TEMPO.CO, Beirut - Perdagangan ilegal organ tubuh saat ini menjadi bisnis menggiurkan di Libanon menyusul banyaknya pengungsi Suriah yang ingin menjualnya demi mempertahankan hidup mereka dan keluarganya.
Investigasi BBC berhasil menemui salah seorang pelaku perdagangan organ tubuh di sebuah kedai kopi di Beirut dengan nama samaran Abu Jaafar.
Baca: Gadis-gadis Pengungsi Suriah Jadi Korban Perbudakan Seks
Pria ini mengaku tahu bahwa bisnis yang sedang booming itu ilegal, namun dia berdalih bahwa apa yang dilakukanya itu untuk membantu orang yang membutuhkan.
"Saya mengeksploitasi orang, itulah yang saya lakukan," kata Jaafar kepada wartawan BBC, Alex Forsyth, yang menemuinya di sebuah bangunan bobrok tertutup terpal plastik di selatan Beirut.
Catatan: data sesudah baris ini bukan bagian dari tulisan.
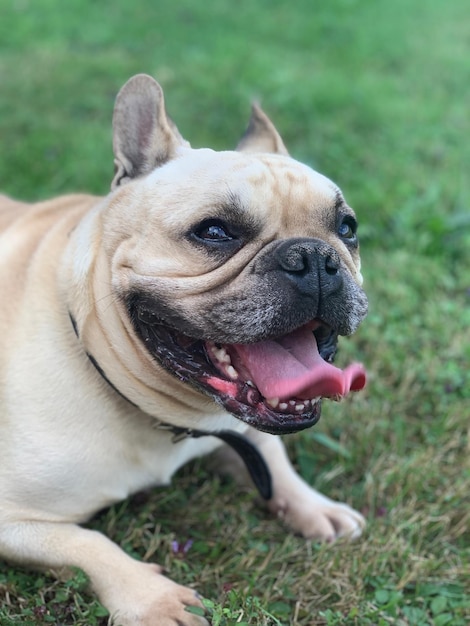 Nahaufnahme eines Hundes auf dem Feld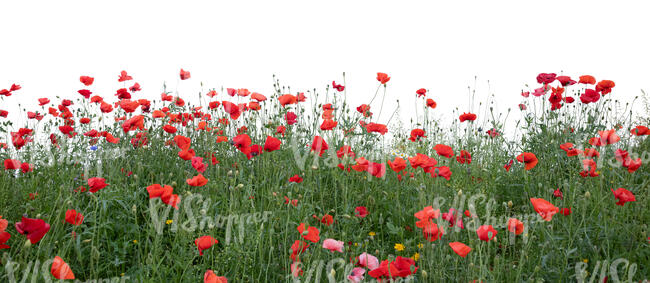 cut out foreground of blooming red poppy field
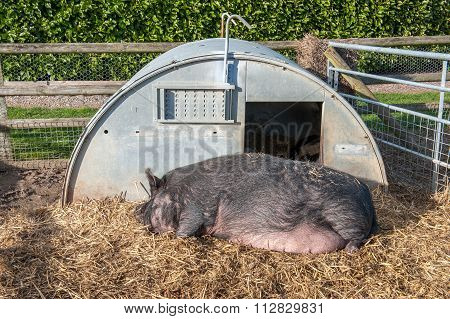 Pig asleep outside hut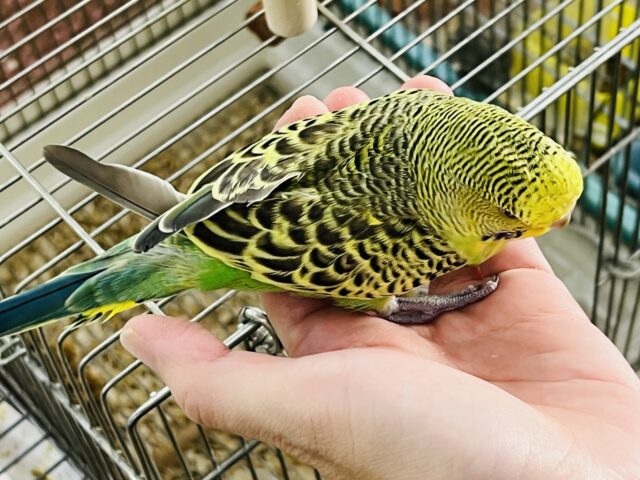 ジャンボセキセイインコ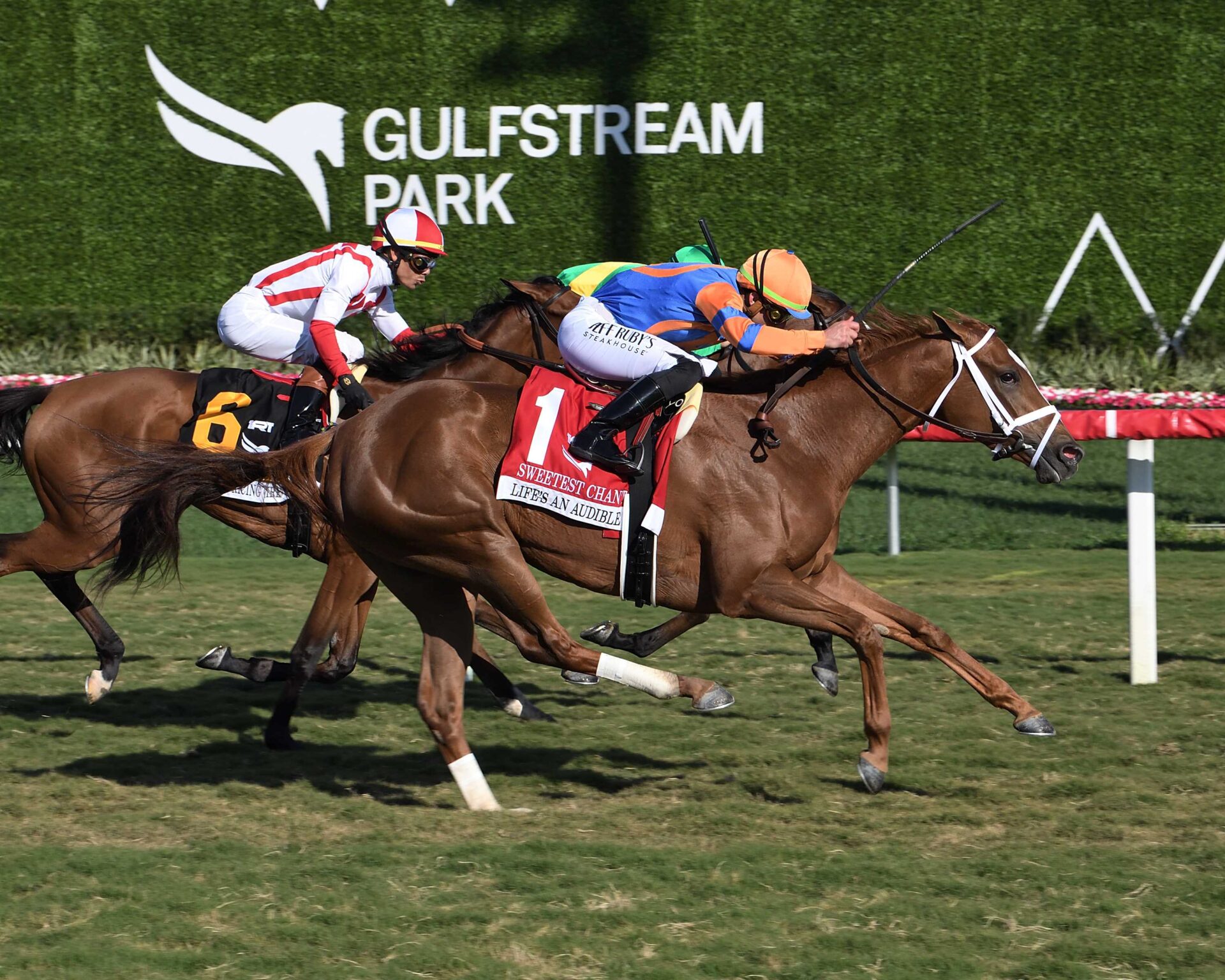 Life´s An Audible, horse, Audible, Sweetest Chant Stakes, sábado, 3 de febrero de 2024, Gulsftream Park. Foto: Coglianese Photo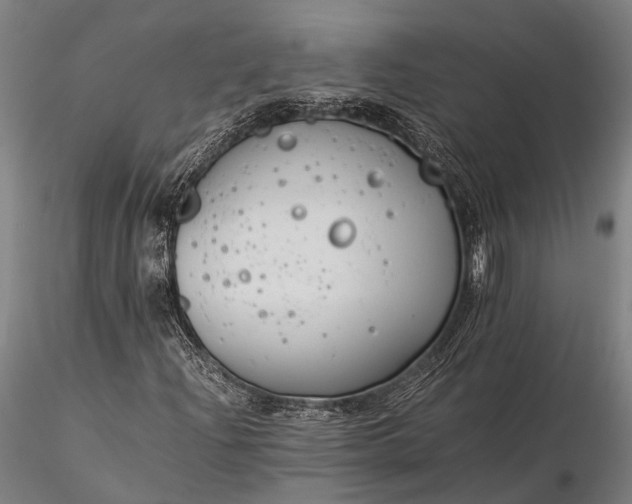 X0000116391204200912161516
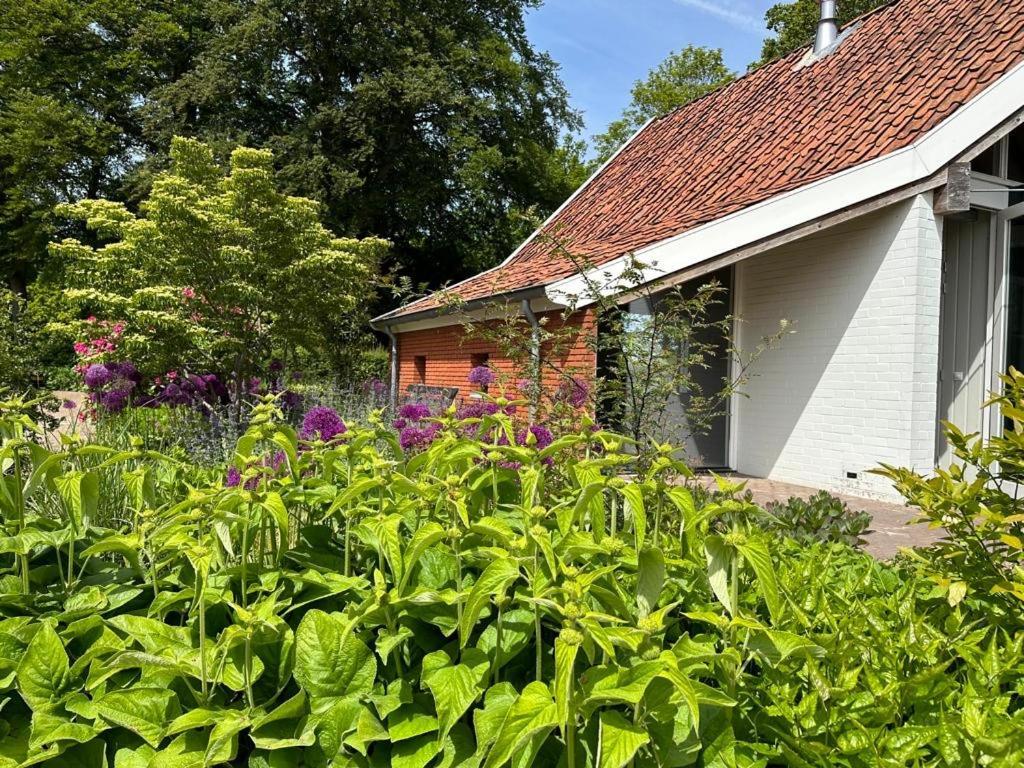 Paterswolde Haystackcottage מראה חיצוני תמונה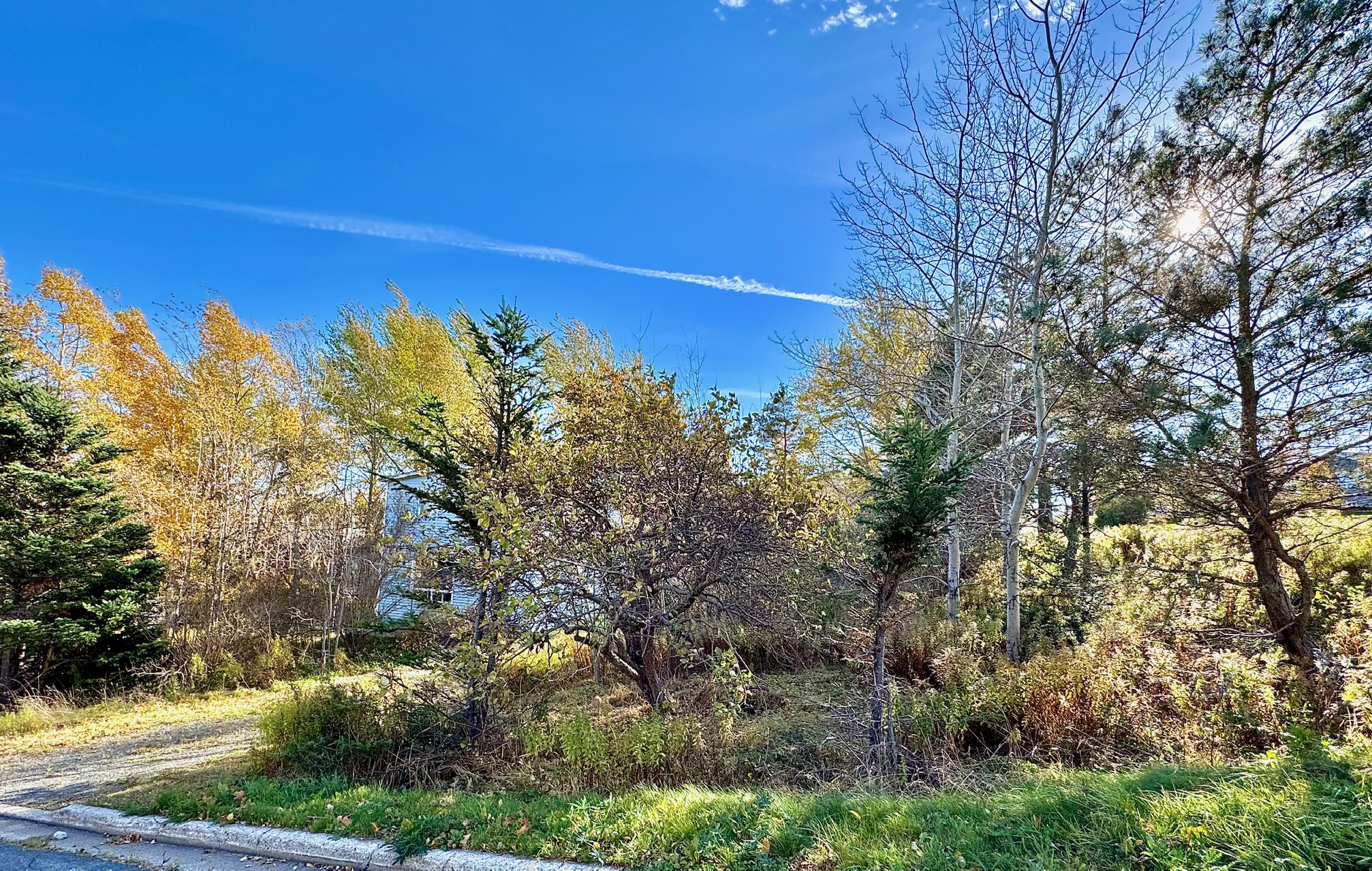 17 STRONG'S ROAD, CLARENVILLE, Newfoundland, Canada A5A 1X8, ,1 BathroomBathrooms,Residential,Sale Pending,STRONG'S ROAD,5607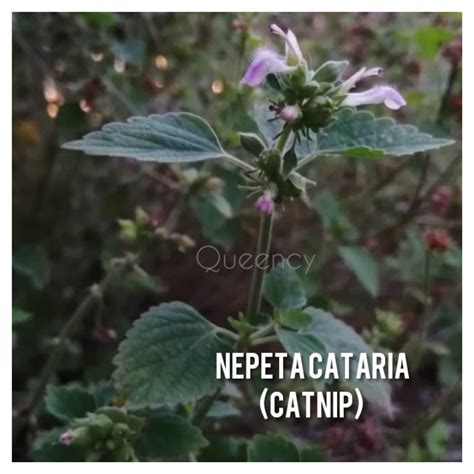 Catnip Seeds Catwort Nepeta Cataria Shopee Malaysia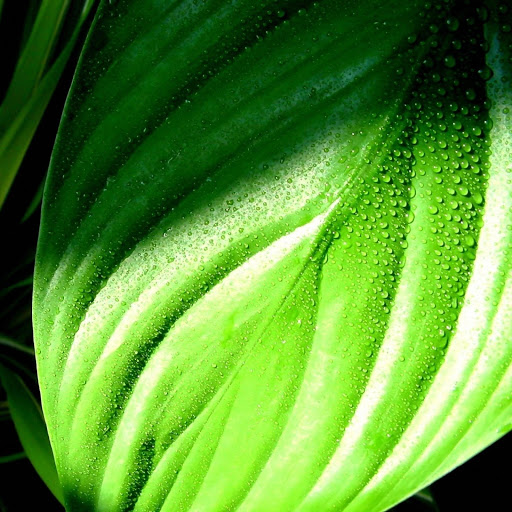 Hd-132881-ascw132881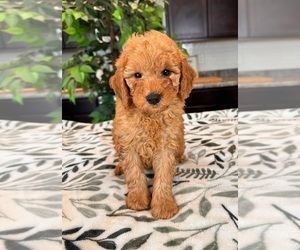 Goldendoodle (Miniature) Puppy for sale in INDIANAPOLIS, IN, USA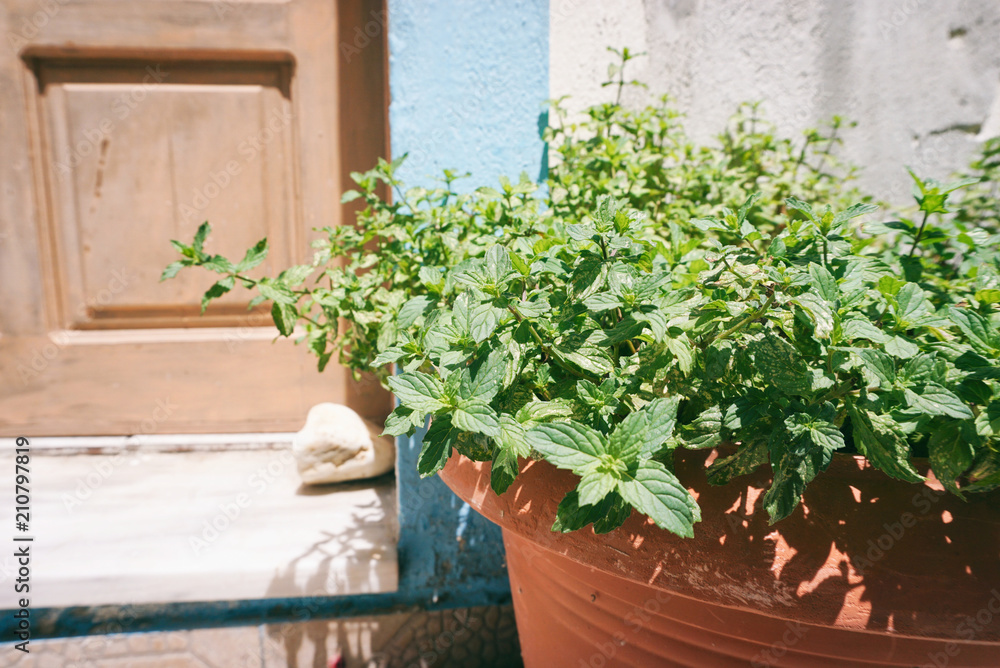 Fresh mint in a pot, old door at the background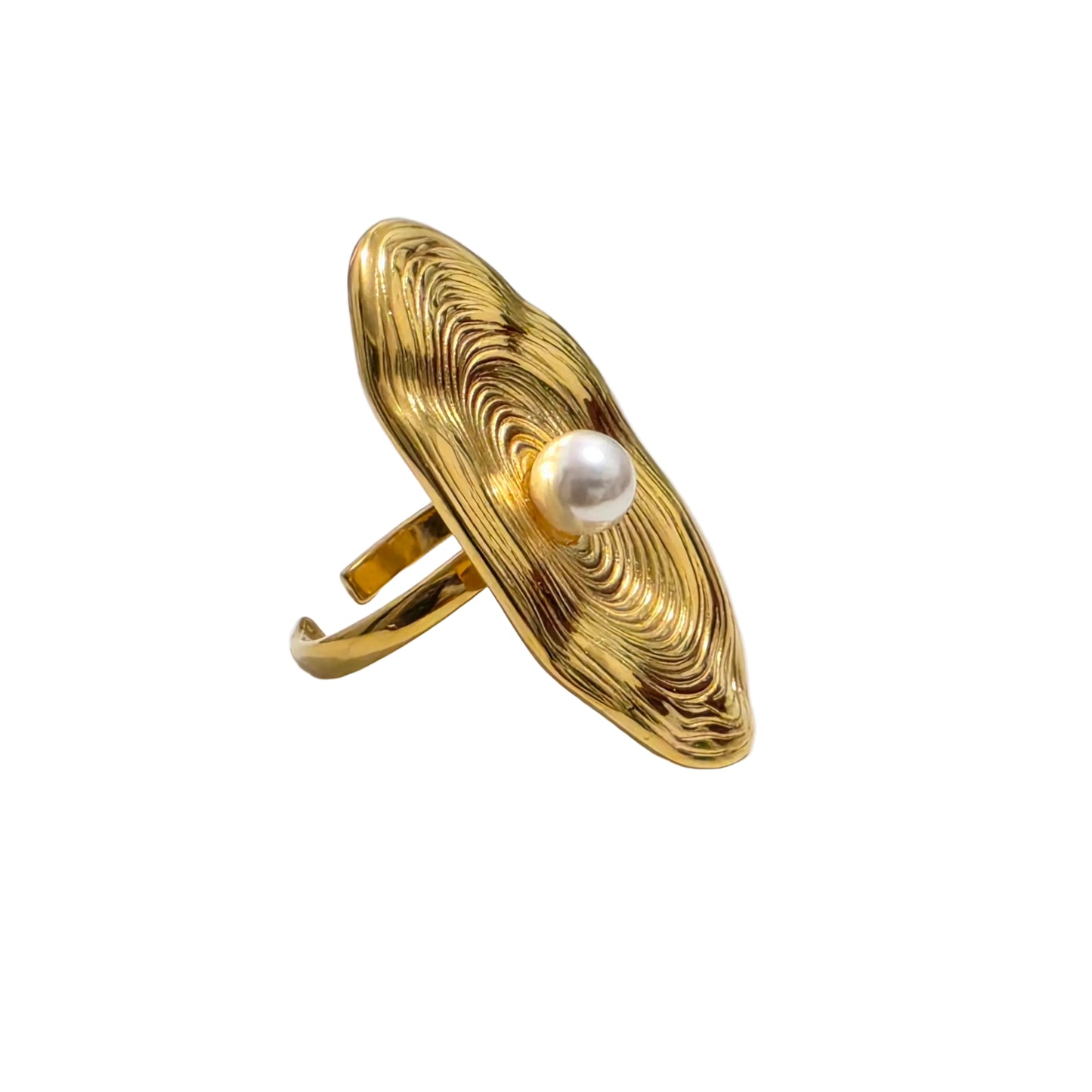 ANILLO TURIN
Sejak pecah perang saudara di Suriah pada 2011, sedikitnya 1,5 juta orang masuk ke dalam wilayah Libanon. Jumlah mereka hampir seperempat dari seluruh penduduk negeri itu.
Di antara mereka banyak yang tidak memiliki kesempatan bekerja, keluarga mereka pun terpaksa mencari jalan lain untuk membeli makanan, membayar tempat tinggal dan biaya kesehatan.
Menurut laporan yang diterbitkan pada Juni 2016, sekitar 70 persen pengungsi di Lebanon hidup di bawah garis kemiskinan.
"Mereka yang tidak terdaftar sebagai pengungsi harus berjuang lebih keras," ucap Jaafar sebagaimana disiarkan televisi BBC pada Selasa, 25 April 2017.
"Apa yang dapat mereka lakukan. Mereka putus asa dan tidak memiliki cara lain untuk bertahan hidup kecuali menjual organ tubuh," tuturnya.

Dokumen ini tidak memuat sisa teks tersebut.